The AUC is a commonly used measure of the performance of classification models. It is based on the ability of models to find ”true positives” (sensitivity) and ”true negatives” (speficity). In terms of modelling occurrence of vegetation, high sensitivity means correctly identifying plots with vegetation and high specificity means corectly identifying plots without vegetation. The AUC is estimated as the area under a plot of sensitivity and 1-specificity (Fig. 1).

**Figure 1.** Explanation of concepts of ROC and AUC using a real-life example from PREHAB (*Halidrys siliquosa* at Vinga).

The meaning of the AUC is slightly elusive but it may be interpreted as an estimate of the probability that a model will rank a randomly chosen “true positive” higher than a randomly chosen “true negative”. As rules of thumb, AUC>0.8 is considered “good” and AUC>0.9 is considered “excellent”. For various technical reasons, the use of AUC as the sole measure of model performance has been critisised. Nevertheless, it is commonly used and for the purposes of PREHAB, comparisons among techniques and variables, it was deemed appropriate.

- Read more on AUC here!

**Coefficient of determination (R ^{2}) & Normailised root mean square error (NRMSE)**Two different aspects of performance were evaluated for quantitative regression models within PREHAB: (1) the amount of variability explained by models and (2) the deviations of indvidual observations from what was predicted by the model.

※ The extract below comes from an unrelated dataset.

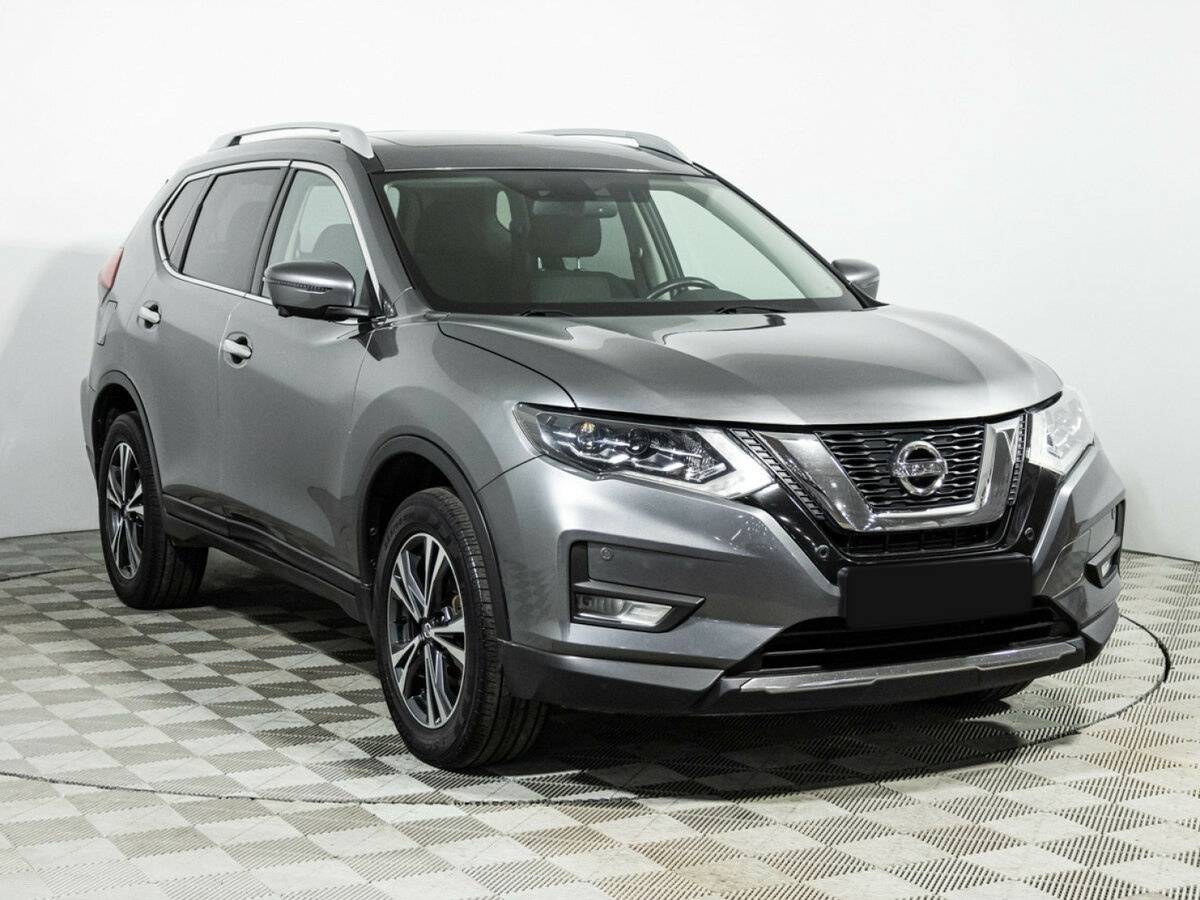 Nissan X-Trail с пробегом — 2020 год. Фото: #2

The first of these two was measured using the coefficient of determination (R^{2}) between observed data (test data) and the model predictions based on fitted models using GAM, Random forest or MARS. The R^{2} is a standard statistic for estimation and statistical testing of the power of predictive relationships. Testing the statistical significance of R^{2} gives an indication of whether the model performs better than a random guess, but its interpretation as the proportion of the total variability explained by the model is a useful and fairly intuitive measure.

The root mean square error (rmse) is a measure of how much individual observations on average deviate from the value predicted by the model. Because the modelling within PREHAB was done on a very diverse set of variables, i.e. number of individuals per square metre for invertebrates (ranging from 0-1000’s) and per cent cover of vegetation (ranging from 0-100), we chose to standardise all estimates of rmse. More specifically we used the normalised rmse (nrmse) which relates the rmse to the observed range of the variable. Thus, the nrmse can be interpreted as a fraction of the overall range that is typically resolved by the model (Fig. 2).

**Figure 2.** The predictive power for a RandomForest model of total algal cover in Vinga, Kattegat. The model explains 68% of the variability in the test data and the average deviation ±17% of the range.